## Source data
☆ ☆ ☆ ☆ ☆

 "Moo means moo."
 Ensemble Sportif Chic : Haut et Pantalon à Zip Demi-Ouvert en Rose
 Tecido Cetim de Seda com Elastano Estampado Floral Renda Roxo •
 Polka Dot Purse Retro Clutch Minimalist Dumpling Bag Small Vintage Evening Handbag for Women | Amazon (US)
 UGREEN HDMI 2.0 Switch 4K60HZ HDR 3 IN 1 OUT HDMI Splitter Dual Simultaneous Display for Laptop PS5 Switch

☆ ☆ ☆ ☆ ☆

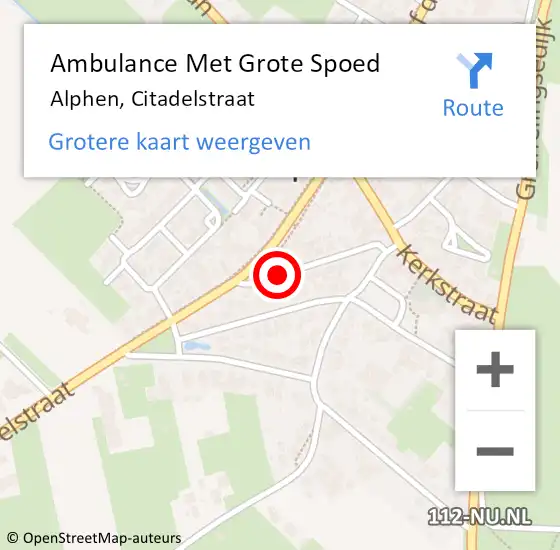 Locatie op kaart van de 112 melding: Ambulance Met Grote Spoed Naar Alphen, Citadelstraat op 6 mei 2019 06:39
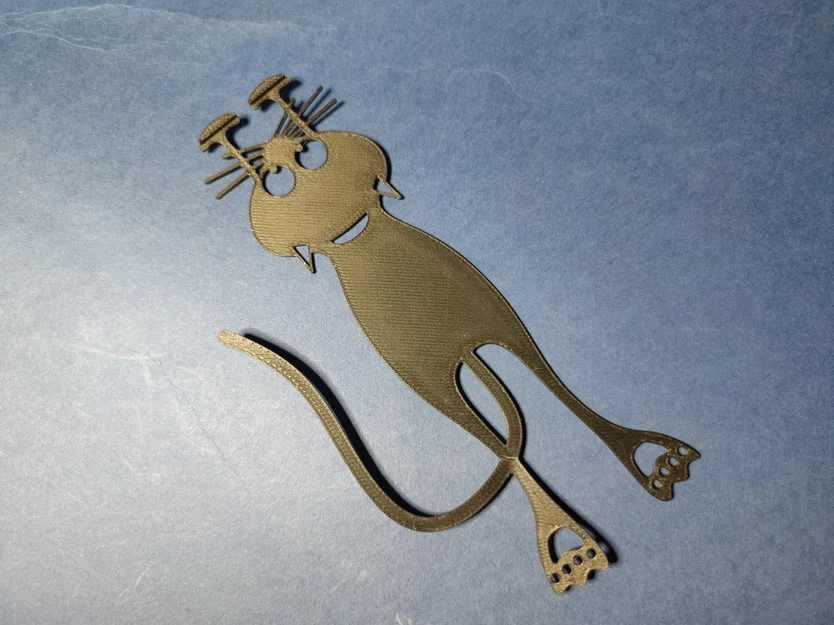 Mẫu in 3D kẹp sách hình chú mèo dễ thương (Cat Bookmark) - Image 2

☆ ☆ ☆ ☆ ☆

## Exercise brief
For this exercise, return exactly the lines above from the line with "Locatie op kaart" through the line with "Mẫu in 3D kẹp", both included. Do not copy the pictures.

## Written response
 Locatie op kaart van de 112 melding: Ambulance Met Grote Spoed Naar Alphen, Citadelstraat op 6 mei 2019 06:39
 Mẫu in 3D kẹp sách hình chú mèo dễ thương (Cat Bookmark) - Image 2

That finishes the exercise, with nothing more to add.